Johnny Cage

 

This was an interesting typo when I was using voice recognition, and is an augur of what indexing errors will do to our understanding of history. If the Mandela Effect takes hold with this glitch, Johnny Cage will be known to have been the composer of both "I Walk the Line" and "Water Walk".

Recently, I came across a question on Quora about the late country music pianist Floyd Cramer, which was spelled "Crammer". When I ran a Google search, it correctly corrected the search to "Floyd Cramer". There is no Floyd Crammer that was a country music pianist; It is an urban legend. Supposedly there was a tape by an obscure pianist that was circulating at the time and the legend is that they paid off the original inventor of the technique. My initial thought was that Cramer's lick was a variation on the "crushed" note (a blue note created by, for example, striking Eb and letting it slide to E-natural on a C chord). Cramer rather "hammered" it as guitarists do, so its influence may be from guitar techniques.

One of the biggest flaws in Google Search is that it cannot parse word order, so for people with two first names this glitch is particularly frustrating.
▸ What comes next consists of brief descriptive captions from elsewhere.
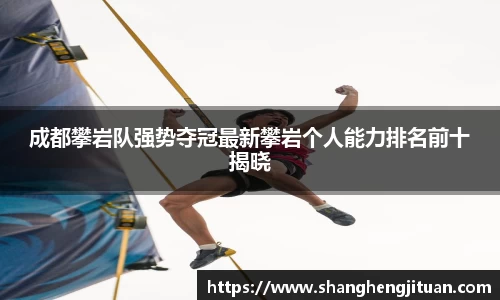 成都攀岩队强势夺冠最新攀岩个人能力排名前十揭晓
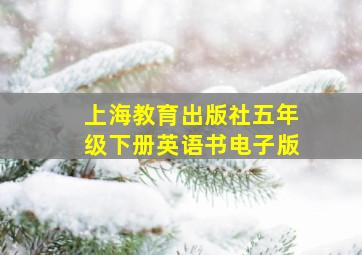 上海教育出版社五年级下册英语书电子版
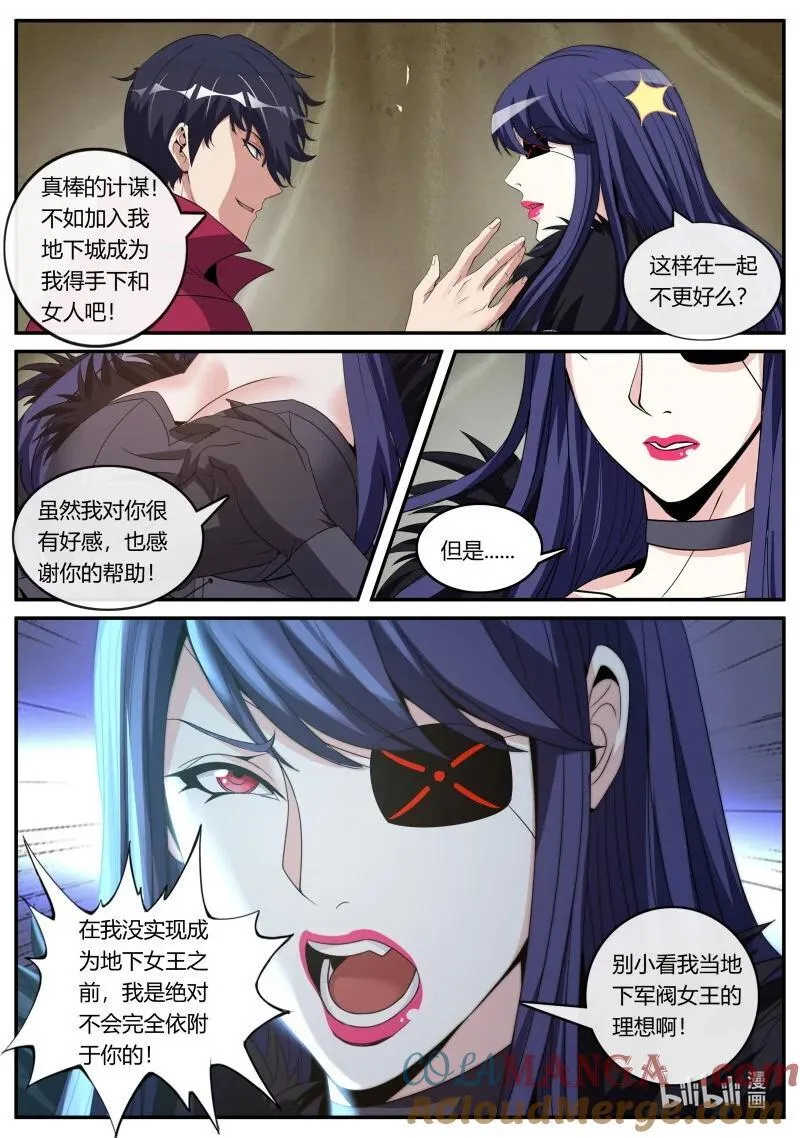 327 伏击4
I'm confused with the artist Barry Lee and another Lee Barry that is a DJ. Compounding the problem is incorrect metadata. (The semantic web was supposed to sort this kind of thing out). This is why we need to pull the Net back towards the bibliographic model, with machines (working with humans in the loop) to carefully examine machine-generated metadata. These humans-in-the-loop will be the new scribe/monks for the neo-medieval internet.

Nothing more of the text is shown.